#### [Activity]
Search the listing below for the word "page" and copy each line that holds it.
□ □ □ □ □ □ □
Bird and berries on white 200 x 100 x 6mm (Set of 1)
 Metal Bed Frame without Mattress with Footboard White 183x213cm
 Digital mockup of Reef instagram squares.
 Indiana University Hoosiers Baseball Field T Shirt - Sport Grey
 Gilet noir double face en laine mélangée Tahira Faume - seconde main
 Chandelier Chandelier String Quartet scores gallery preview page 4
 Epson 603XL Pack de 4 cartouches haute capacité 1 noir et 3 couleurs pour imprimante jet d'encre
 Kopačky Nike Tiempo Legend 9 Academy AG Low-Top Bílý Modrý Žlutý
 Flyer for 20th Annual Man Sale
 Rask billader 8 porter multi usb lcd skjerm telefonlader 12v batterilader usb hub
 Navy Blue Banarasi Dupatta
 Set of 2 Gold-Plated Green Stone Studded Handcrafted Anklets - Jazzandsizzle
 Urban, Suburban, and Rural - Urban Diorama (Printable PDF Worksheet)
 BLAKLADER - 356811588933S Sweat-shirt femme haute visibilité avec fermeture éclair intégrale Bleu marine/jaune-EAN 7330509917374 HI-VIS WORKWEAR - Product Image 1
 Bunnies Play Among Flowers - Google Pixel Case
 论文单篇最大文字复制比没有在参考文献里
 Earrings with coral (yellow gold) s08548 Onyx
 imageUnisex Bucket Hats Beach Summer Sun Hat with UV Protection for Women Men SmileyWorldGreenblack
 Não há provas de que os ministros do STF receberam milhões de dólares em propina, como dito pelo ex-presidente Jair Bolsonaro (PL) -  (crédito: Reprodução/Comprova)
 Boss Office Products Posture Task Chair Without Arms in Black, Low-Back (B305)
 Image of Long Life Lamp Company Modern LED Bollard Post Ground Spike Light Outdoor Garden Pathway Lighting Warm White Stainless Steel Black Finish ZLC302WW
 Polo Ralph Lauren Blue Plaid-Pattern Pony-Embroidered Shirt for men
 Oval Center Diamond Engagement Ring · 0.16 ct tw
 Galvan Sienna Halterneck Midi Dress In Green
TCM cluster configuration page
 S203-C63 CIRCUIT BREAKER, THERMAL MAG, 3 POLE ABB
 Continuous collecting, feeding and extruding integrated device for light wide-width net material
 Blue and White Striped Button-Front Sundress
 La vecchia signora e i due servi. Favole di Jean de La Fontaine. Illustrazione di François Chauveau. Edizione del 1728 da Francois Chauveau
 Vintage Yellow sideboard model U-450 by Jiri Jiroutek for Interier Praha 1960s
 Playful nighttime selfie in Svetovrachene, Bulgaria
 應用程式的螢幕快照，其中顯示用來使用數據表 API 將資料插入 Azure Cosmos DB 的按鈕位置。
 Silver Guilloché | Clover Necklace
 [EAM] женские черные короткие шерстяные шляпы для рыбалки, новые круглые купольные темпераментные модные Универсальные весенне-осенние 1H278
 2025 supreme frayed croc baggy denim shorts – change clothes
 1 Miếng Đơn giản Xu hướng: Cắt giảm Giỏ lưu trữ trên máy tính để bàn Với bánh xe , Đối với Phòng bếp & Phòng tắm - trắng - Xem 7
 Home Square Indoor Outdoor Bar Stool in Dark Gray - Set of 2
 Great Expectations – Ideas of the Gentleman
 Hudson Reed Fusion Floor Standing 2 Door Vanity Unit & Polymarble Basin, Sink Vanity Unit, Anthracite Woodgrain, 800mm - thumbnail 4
□ □ □ □ □ □ □
#### [Answer for the task]
 Chandelier Chandelier String Quartet scores gallery preview page 4
TCM cluster configuration page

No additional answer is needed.